The published studies of pulse oximeter performance under conditions of normal, high and low saturation, exercise, poor signal quality and cardiac arrhythmia are reviewed. Most pulse oximeters have an absolute mean error of less than 2% at normal saturation and perfusion; two-thirds have a standard deviation (SD) of less than 2%, and the remainder an SD of less than 3%. Some pulse oximeters tend to read 100% with fractional saturations of 97-98%. Pulse oximeters may be suitable hyperoxic alarms for neonates if the alarm limit chosen is directly validated for each device. Pulse oximeters are poorly calibrated at low saturations and are generally less accurate and less precise than at normal saturations; nearly 30% of 244 values reviewed were in error by more than 5% at saturations of less than 80%. Ear, nose and forehead probes respond more rapidly to rapid desaturation than finger probes, but are generally less accurate and less precise. Ear oximetry may be inaccurate during exercise. Low signal quality can result in failure to present a saturation reading, but data given with low signal quality warning messages are generally no less accurate than those without. Cardiac arrhythmias do not decrease accuracy of pulse oximeters so long as saturation readings are steady.     

The Effects of Motion on the Performance of Pulse Oximeters in Volunteers (Revised publication)

Background: Pulse oximetry is considered a standard of care in both the operating room and the postanesthetic care unit, and it is widely used in all critical care settings. Pulse oximeters may fail to provide valid SpO2 data in various situations that produce low signal-to-noise ratio. Motion artifact is a common cause of oximeter failure and loss of accuracy. This study compares the accuracy and data dropout rates of three current pulse oximeters during standardized motion in healthy volunteers.

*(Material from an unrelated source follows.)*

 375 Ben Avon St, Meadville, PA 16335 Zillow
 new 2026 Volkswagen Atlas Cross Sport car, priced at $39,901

Methods: Ten healthy volunteers were monitored by three different pulse oximeters: Nellcor N-200, Nellcor N-3000, and Masimo SET (prototype). Sensors were placed on digits 2, 3, and 4 of the test hand, which was strapped to a mechanical motion table. The opposite hand was used as a stationary control and was monitored with the same pulse oximeters and an arterial cannula. Arterial oxygen saturation was varied from 100% to 75% by changing the inspired oxygen concentration. While SpO sub 2 was both constant and changing, the oximeter sensors were connected before and during motion. Oximeter errors and dropout rates were digitally recorded continuously during each experiment.

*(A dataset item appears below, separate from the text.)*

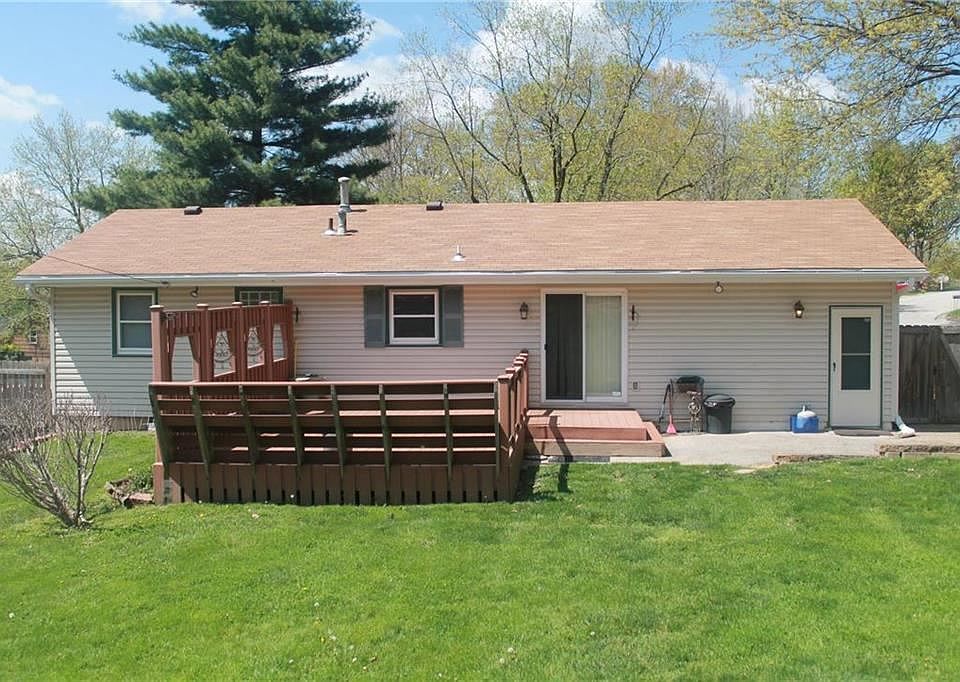 2nd image of 7007 NW 75th St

Results: If the oximeter was functioning before motion began, the following are the percentages of time when the instrument displayed an SpO sub 2 value within 7% of control: N-200 = 76%, N-3000 = 87%, and Masimo = 99%. When the oximeter sensor was connected after the beginning of motion, the values were N-200 = 68%, N-3000 = 47%, and Masimo = 97%. If the alarm threshold was chosen SpO2 less than 90%, then the positive predictive values (true alarms/total alarms) are N-200 = 73%, N-3000 = 81%, and Masimo = 100%. In general, N-200 had the greatest SpO2 errors and N-3000 had the highest dropout rates.